UDP-葡萄糖基转移酶调控水稻粒型和非生物胁迫耐受性以及代谢通量重定向。

UDP-glucosyltransferase regulates grain size and abiotic stress tolerance associated with metabolic flux redirection in rice.

机构信息

National Key Laboratory of Plant Molecular Genetics, CAS Centre for Excellence in Molecular Plant Sciences and Collaborative Innovation Center of Genetics & Development, Shanghai Institute of Plant Physiology & Ecology, Chinese Academic of Sciences, Shanghai, 200032, China.

CAS-Key Laboratory of Synthetic Biology, CAS Center for Excellence in Molecular Plant Sciences, Shanghai Institute of Plant Physiology & Ecology, Chinese Academy of Sciences, Shanghai, 200032, China.

出版信息

Nat Commun. 2020 May 26;11(1):2629. doi: 10.1038/s41467-020-16403-5.

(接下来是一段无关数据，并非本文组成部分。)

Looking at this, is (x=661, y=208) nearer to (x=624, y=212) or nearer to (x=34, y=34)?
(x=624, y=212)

DOI:10.1038/s41467-020-16403-5

PMID:32457405

原文链接:https://pmc.ncbi.nlm.nih.gov/articles/PMC7250897/

Abstract

Grain size is an important component trait of grain yield, which is frequently threatened by abiotic stress. However, little is known about how grain yield and abiotic stress tolerance are regulated. Here, we characterize GSA1, a quantitative trait locus (QTL) regulating grain size and abiotic stress tolerance associated with metabolic flux redirection. GSA1 encodes a UDP-glucosyltransferase, which exhibits glucosyltransferase activity toward flavonoids and monolignols. GSA1 regulates grain size by modulating cell proliferation and expansion, which are regulated by flavonoid-mediated auxin levels and related gene expression. GSA1 is required for the redirection of metabolic flux from lignin biosynthesis to flavonoid biosynthesis under abiotic stress and the accumulation of flavonoid glycosides, which protect rice against abiotic stress. GSA1 overexpression results in larger grains and enhanced abiotic stress tolerance. Our findings provide insights into the regulation of grain size and abiotic stress tolerance associated with metabolic flux redirection and a potential means to improve crops.

摘要

粒型是谷物产量的一个重要组成性状，经常受到非生物胁迫的威胁。然而，人们对谷物产量和非生物胁迫耐受性的调节机制知之甚少。在这里，我们描述了 GSA1，它是一个调节粒型和非生物胁迫耐受性的数量性状位点（QTL），与代谢流重定向有关。GSA1 编码一个 UDP-葡萄糖基转移酶，它对类黄酮和单酚具有葡萄糖基转移酶活性。GSA1 通过调节细胞增殖和扩张来调节粒型，这是由类黄酮介导的生长素水平和相关基因表达调节的。GSA1 是在非生物胁迫下从木质素生物合成到类黄酮生物合成的代谢流重定向以及类黄酮糖苷积累所必需的，类黄酮糖苷可以保护水稻免受非生物胁迫。GSA1 的过表达导致粒型增大和增强的非生物胁迫耐受性。我们的发现为与代谢流重定向相关的粒型和非生物胁迫耐受性的调节提供了新的见解，并为改良作物提供了一种潜在的方法。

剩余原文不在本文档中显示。